依頼を終え、お互いの信頼が深まったからか任務完遂のお祝いからか、コバヤシ達一行はその日の夜、全員の食べ物を全て出しあってちょっとしたパーティーを行った。

といっても、焚き火をみんなで囲ってわいわい話していただけだったが。


討伐を達成した安堵からか、メイはすぐに倒れたように眠ってしまった。

うとうととしながらも、パーティーにがんばって参加していたドラコは、今ではぱたりとコバヤシのひざの上で寝息をたてている。


メイがパーティーの最中に話してくれた、彼女の昔の冒険譚はどれも興味深く、コバヤシを久しぶりに童心へと返らせてくれた。

そのお礼という訳ではないが、今日は自分が一日見張り番をするかなと、二人の寝顔を見ながらコバヤシは思う。

メイにも話したが、一日ぐらいなら寝なずともまるで問題はなかった。

社畜という苦行で得られる悲しいアビリティである、、

コバヤシはそんなくだらないことを考えながらも、索敵は怠らず、満天の星空を眺めながら過ごすのだった。


・・・


「ごめんコバヤシ!」

メイは起きるなりすぐにこちらへ謝罪してくる。


「良いって、寝ないのは得意だって言っただろ」

メイは少しばかり安堵のため息を漏らすと


「今日はまた結構歩くんだから、今からでも少しは寝てて」

おねがい、そう言ってメイはコバヤシを促す。


朝はまだずいぶんと早い、もちろんドラコはいまだ夢の中である(良かった服を脱がなくて、、)

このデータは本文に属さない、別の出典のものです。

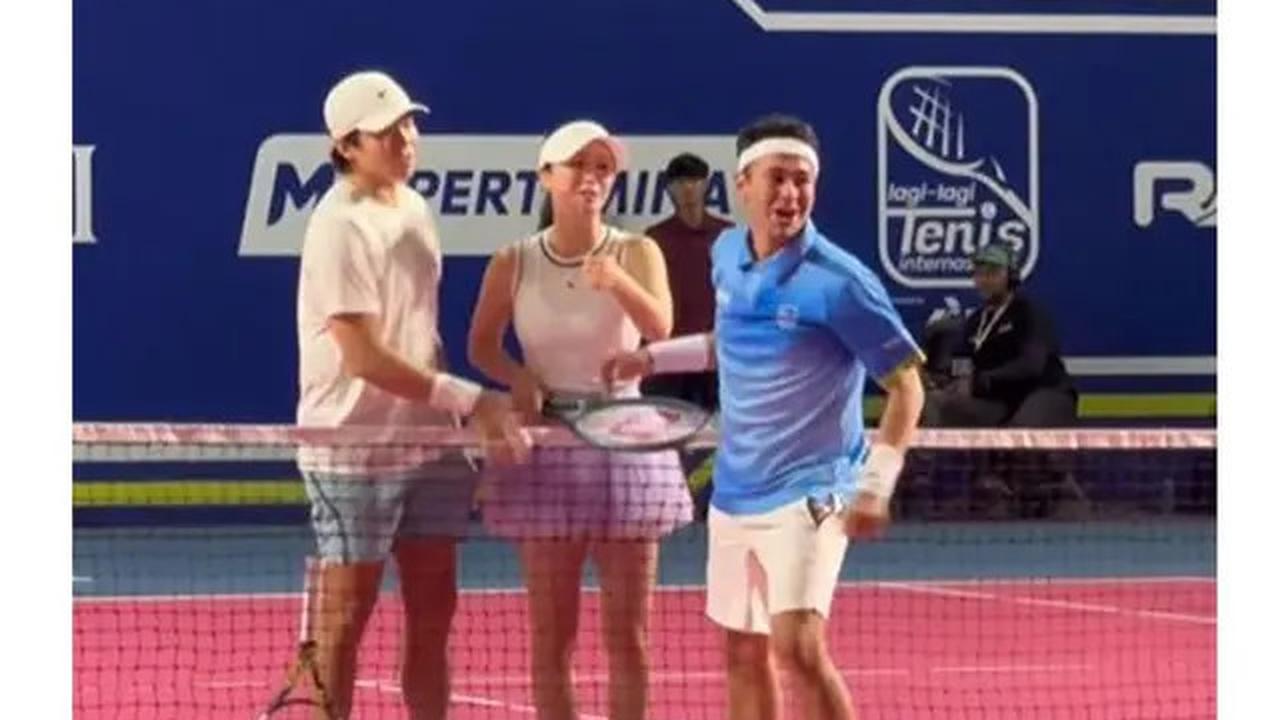 6 Potret Raffi-Nia di Lagi-Lagi Tenis Internasional, Kalahkan Pemeran Logan Lee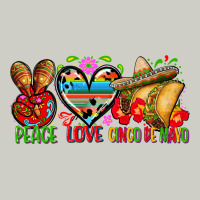 Peace Love Cinco De Mayo Heavyweight Hoodie | Teevron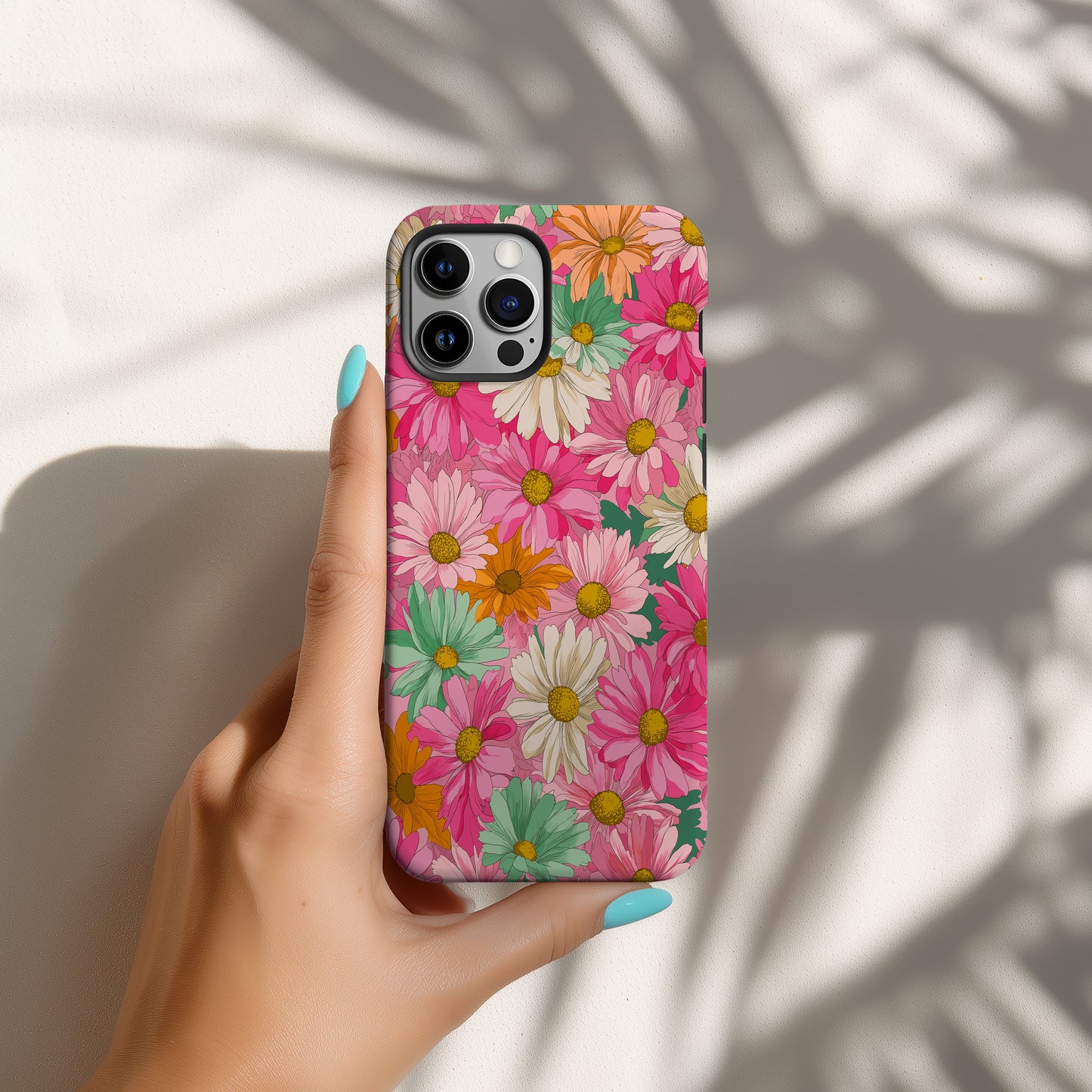 Spring Fling Daisy Phone Case – Bright Floral Protective Case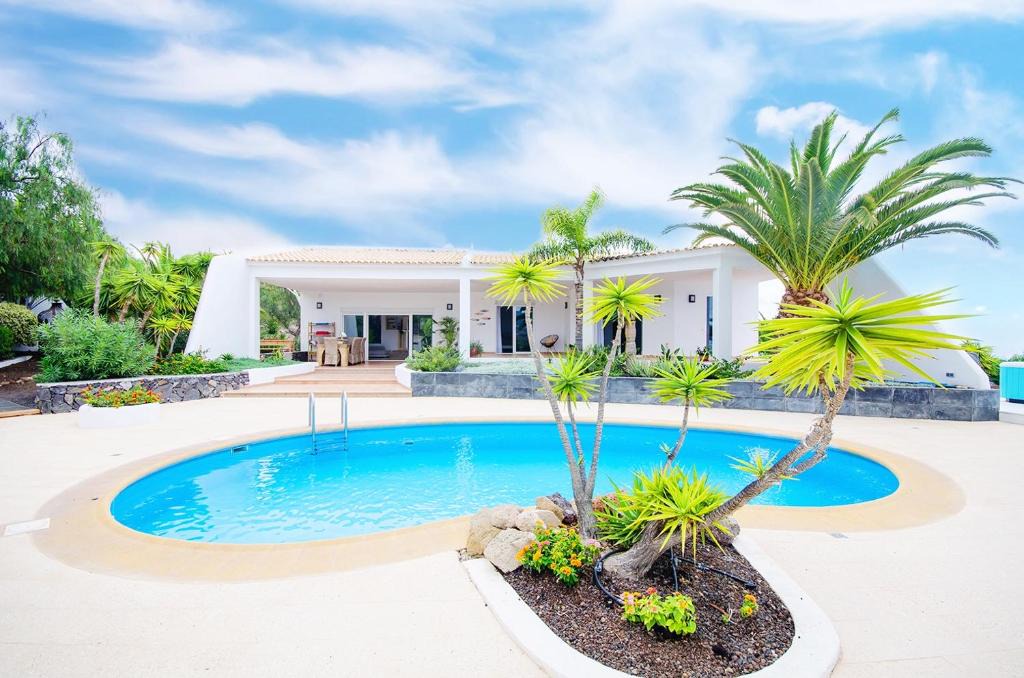 Adeje Villa | Spectacular "Ibiza Style Villa" with Private Beach located on a vast domain in COSTA ADEJE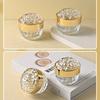 1 Stück Luxus Diamant 50G Glas Gesichtscreme Tiegel mit Deckel Acryl Kosmetiktiegel Behälter für Creme Lotion Tiegel Reise Lotion Flasche
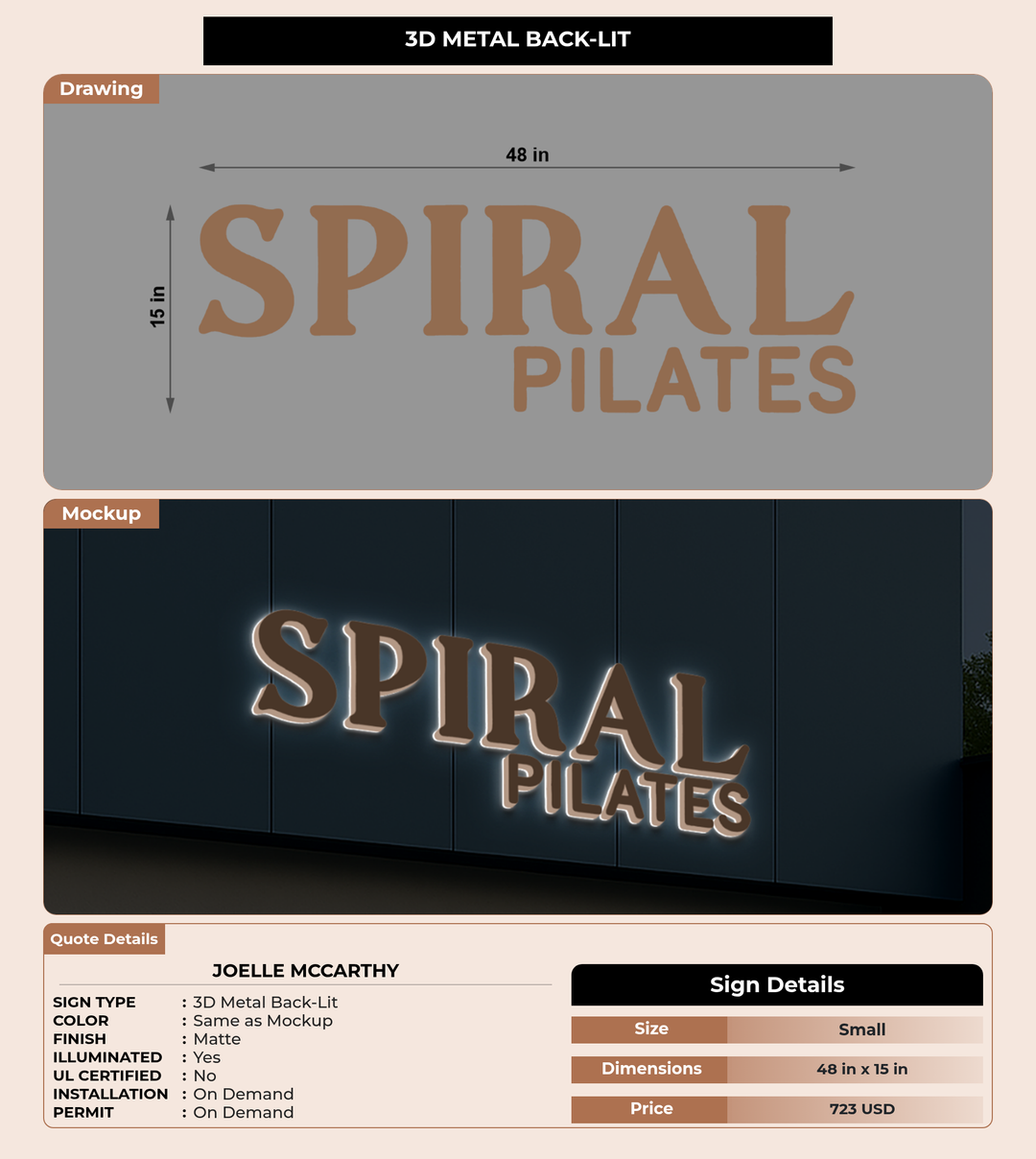 CUSTOM MOCKUP SIGN FOR Joelle McCarthy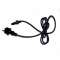 Connecteur alimentation 1.50m HO5RNF Câble noir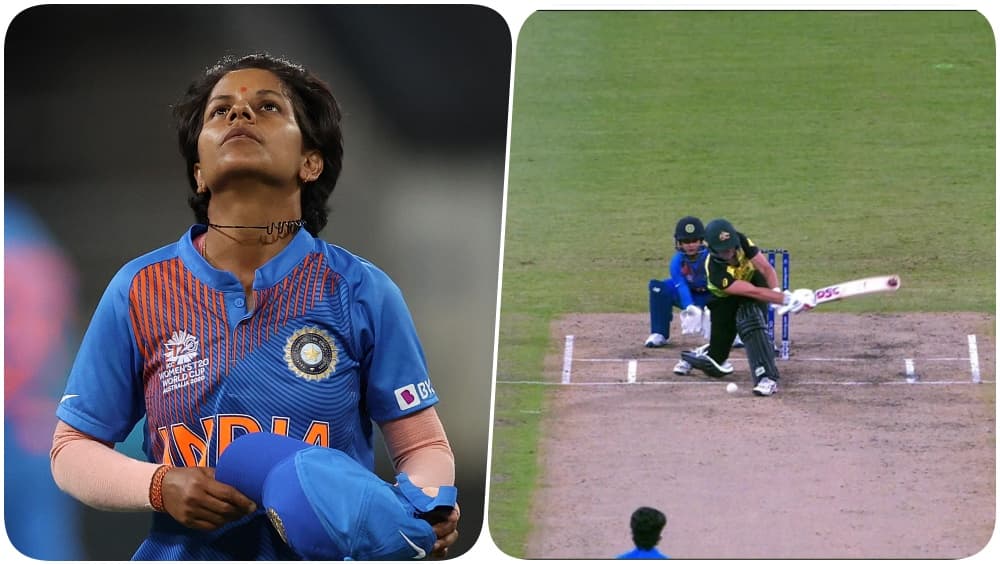 Poonam Yadav Bowls a Double-Bounce No-Ball During India vs Australia, ICC Women’s T20 World Cup 2020 (Watch Video) Poonam Yadav Bowls a Double-Bounce No-Ball During India vs Australia, ICC Women’s T20 World Cup 2020 (Watch Video)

「じゃあ、お言葉に甘えて、少しだけ寝させてもらうよ」

ドラコのことよろしくねとだけ伝え、コバヤシは少しだけ仮眠を取ることにする。


・・・


目の前に何かが近づいてきたような、そんな圧迫感を感じコバヤシは目を覚ます。


ちょうどドラコも起きたぐらいらしい。


「おはよう、コバヤシ」

「ん、あぁ、おはよう、、」

コバヤシは目をこすりながらメイに挨拶を返す。


「いま何か、、俺の顔に、、」

コバヤシはぼんやりとそう呟くと、メイの耳が少し赤くなった気がした。


何かあっただろうか、、


「ドラコもおはよう」

メイはすぐに今度はドラコへ挨拶する。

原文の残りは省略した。